# Advice on moving to Barcelona



## Chantelle505 (Jun 15, 2015)

Some random questions advise

I am currently on the move with my family, hubby and 2 boys to move to Castelldefels and in the process of deciding what furniture/belongings to bring with me and purchase to bring before I come.

Bedding, should I bring sheet, light weight duvets - or just but when I arrive (we have an Ikea near us)

TV, we currently have a smart TV at home and use apps such as Amazon prime, should we bring this ? kids and hubby will need UK films and programmes ?

Is there anything else worth packing that is particularly expensive, I understand toiletries such as shampoo, deodorant, suntan lotion ?

My company give me 14cbm to ship over so want to make the most of this ???

Thanks in advance


----------



## Helenameva (Aug 15, 2014)

if you are moving into an unfurnished house and you aren't concerned about the costs of moving, I would bring as much as you can that you think you will use. I don't think anything is extra cheap or expensive either here or there so you may as well. 

Winters are milder here but you will still need quilts and jumpers. As you say there are Ikeas here, two in Barcelona and another in Sabadell, so handy enough if you need them, plus lots of other smaller chains and independent shops. 

The TV can be used here, all your electrical goods will be okay, just make sure you bring plenty of adapters for the plugs. You will need a VPN to access UK TV and a decent internet connection. I don't know if Castelldefels has cable installed, if not you should find a WiMAX company that'll do it. Let me know if you need help and I'll speak with our supplier. We're a bit further south (in Penedès) but our guy might know somebody that can do it. But make sure cable isn't possible first as that would surely be your best bet.


----------



## Chantelle505 (Jun 15, 2015)

Thank you very much, appreciated, 
I may be in contact when I arrive

Chantelle


----------



## DunWorkin (Sep 2, 2010)

Bed linen (duvets, sheets, pillows etc) tend to be a different size here in Spain so if you brings duvets and pillows make sure to bring lots of duvet covers and pillow cases as the ones you buy most places here will not fit.


----------



## DunWorkin (Sep 2, 2010)

Also, if you bring electrical goods with UK plugs to use with adapters, bring some 13 amp plug fuses. They are difficult to get here and if the fuse in the plug blows you will need them. There are lots of surges in electricity here in Spain and I find a lot of my UK plugs blow their fuses.


----------



## Desiato (Jun 1, 2015)

I sold a lot of furniture and my smart TV but you won't get much for your goods on Ebay so if you can bring it and have a need for it, do so. 2nd hand prices are much higher in Spain which is going to take a while to get used to (some people seem to think they can sell things for the same price they bought them!). Only thing I would advice against is bringing a UK car. Best to sell it there and buy a Spanish one from a dealer here (the private 2nd hand car market here is a minefield, don't even go there!). 
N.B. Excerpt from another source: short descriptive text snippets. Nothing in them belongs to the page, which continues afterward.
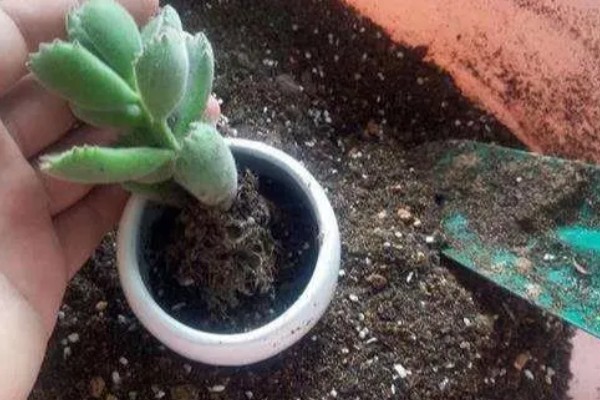 多肉植物怎么浇水，生长期每隔2-4天浇一次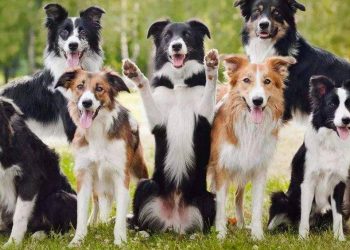 Bianmu is so smart, why are there so few police dogs?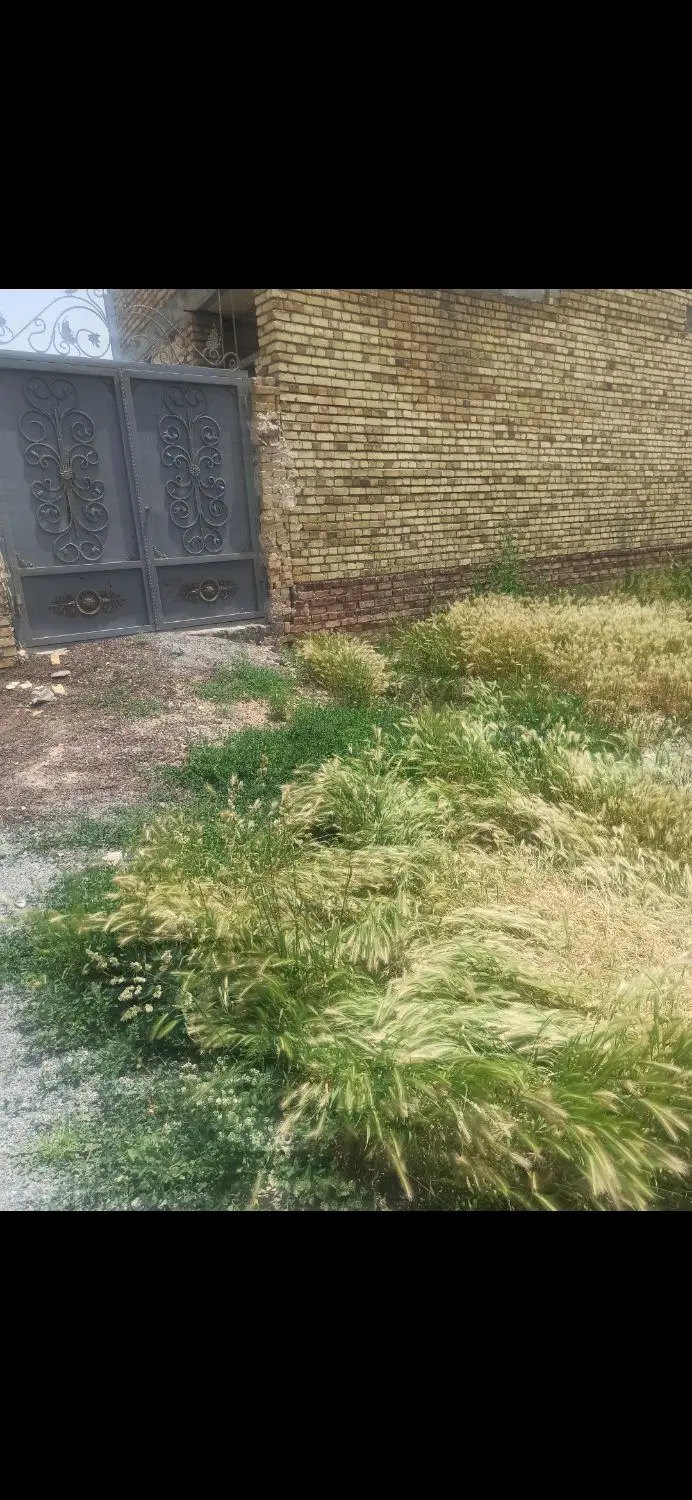 زمین قصور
Lastly, welcome to Castelldefels! You are going to love it as the place is really picking up in the last year or so (Burger King and KFC are just about to open, and with drive through's! Well...your boys will appreciate it  ) . The seafront towards the harbour is under major renovation (the beach where they shot the fat guy walking with the Southern Comfort) so that will make a huge difference to that end of the seafront when that is completed next year. 
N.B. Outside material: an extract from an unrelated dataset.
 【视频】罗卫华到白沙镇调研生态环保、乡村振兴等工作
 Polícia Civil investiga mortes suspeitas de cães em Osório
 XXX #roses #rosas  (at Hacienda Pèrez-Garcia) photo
Anything I can help with let me know.


----------



## Chantelle505 (Jun 15, 2015)

Thank you very much 

My husband will be very happy with the KFC !
We visited Castelldefels early in June and loved it, hence why we chose the location, Can Bou and near to the BSB school.
TV will be packed with as much else I can
Lots of good advice particularly to bedding etc.

Next step is to try and find some Spanish lessons for both me and my husband !


----------



## Desiato (Jun 1, 2015)

Can Bou is central for everything so good choice!
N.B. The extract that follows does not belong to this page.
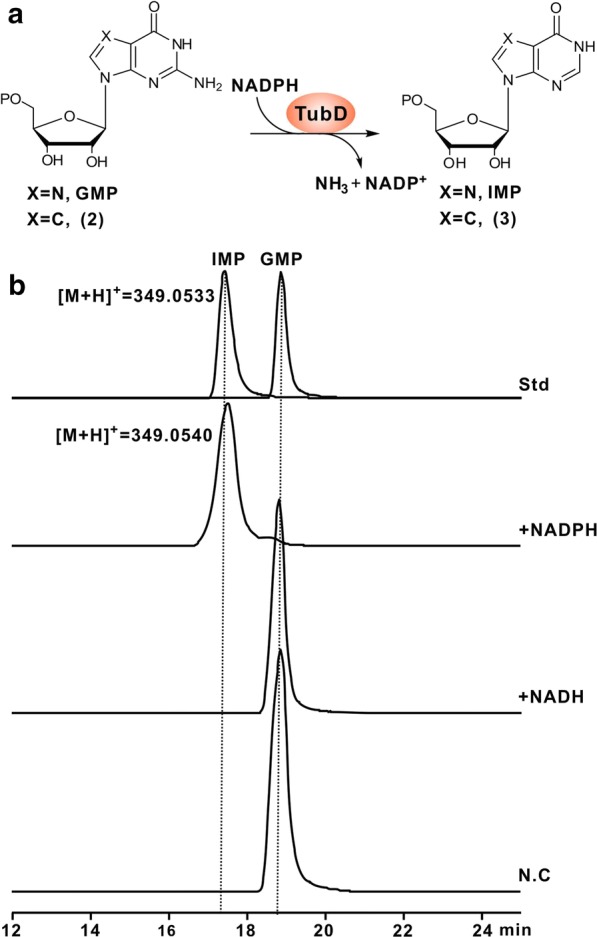 Fig. 4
Have a good read of this forum as it's jam packed full of useful info. In the last week there were posts regarding learning Spanish (and don't forget Catalan) and these links were posted:

Learn Spanish for Free! Free Spanish Lessons, Interactive Spanish Games, Practice on Facebook

SpanishDict | English to Spanish Translation, Dictionary, Translator (there's a link to Fluencia)

Parla.cat

The FAQ's should be your first port of call to make sure you get all the legal stuff done.

http://www.expatforum.com/expats/sp...-living-spain/2725-faqs-lots-useful-info.html

If you need any help with anything locally, PM me, happy to help.


----------



## Desiato (Jun 1, 2015)

I thought the Fluencia site was free but just seen it is a free trial. Might be better off with the BBC:

BBC - Learn Spanish with free online lessons


----------



## Jazz227 (Dec 16, 2012)

Chantelle505 said:


> Some random questions advise
> 
> I am currently on the move with my family, hubby and 2 boys to move to Castelldefels and in the process of deciding what furniture/belongings to bring with me and purchase to bring before I come.
> 
> ...



Hi, 
Did you make the move to Castelldefels? I'll be relocating there in June with my Husband and, just turned, 16 year old son. He will be starting at BSB in September to do his IB. How are you finding living there? Have you all found it easy to settle?
Thanks for any info you can give!


----------